< Richteren 15 >
1 En het geschiedde na sommige dagen, in de dagen van den tarweoogst, dat Simson zijn huisvrouw bezocht met een geitenbokje, en hij zeide: Laat mij tot mijn huisvrouw ingaan in de kamer; maar haar vader liet hem niet toe in te gaan.
But after a while, in the time of wheat harvest, that Samson visited his wife with a young goat; and he said, "I will go in to my wife into the room." But her father wouldn't allow him to go in.
2 Want haar vader zeide: Ik sprak zeker, dat gij haar ganselijk haattet, zo heb ik haar aan uw metgezel gegeven. Is niet haar kleinste zuster schoner dan zij? Laat ze u toch zijn in de plaats van haar.
Her father said, "I most certainly thought that you had utterly hated her; therefore I gave her to your companion. Isn't her younger sister more beautiful than she is? Please take her, instead."
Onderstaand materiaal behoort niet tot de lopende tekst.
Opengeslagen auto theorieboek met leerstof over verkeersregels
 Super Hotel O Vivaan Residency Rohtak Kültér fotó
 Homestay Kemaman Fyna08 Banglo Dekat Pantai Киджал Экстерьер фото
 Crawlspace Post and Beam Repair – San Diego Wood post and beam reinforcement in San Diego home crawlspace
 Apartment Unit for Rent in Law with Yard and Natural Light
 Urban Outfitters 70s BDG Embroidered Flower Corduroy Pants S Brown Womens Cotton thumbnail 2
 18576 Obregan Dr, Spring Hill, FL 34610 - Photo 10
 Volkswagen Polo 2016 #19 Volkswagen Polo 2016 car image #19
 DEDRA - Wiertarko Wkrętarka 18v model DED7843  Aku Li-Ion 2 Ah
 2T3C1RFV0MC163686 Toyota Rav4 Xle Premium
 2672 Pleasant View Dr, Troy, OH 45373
3 Toen zeide Simson tot henlieden: Ik ben ditmaal onschuldig van de Filistijnen, wanneer ik aan hen kwaad doe.
Samson said to him, "This time I will be blameless in regard of the Philistines, when I harm them."
4 En Simson ging heen, en ving driehonderd vossen; en hij nam fakkelen, en keerde staart aan staart, en deed een fakkel tussen twee staarten in het midden.
Samson went and caught three hundred foxes, and took torches, and turned tail to tail, and put a torch in the midst between every two tails.
5 En hij stak de fakkelen aan met vuur, en liet ze lopen in het staande koren der Filistijnen; en hij stak in brand zowel de korenhopen als het staande koren, zelfs tot de wijngaarden en olijfbomen toe.
And when he had set fire to the torches, he let them go into the standing grain of the Philistines, and burnt up both the shocks and the standing grain, as well as the vineyards and olive groves.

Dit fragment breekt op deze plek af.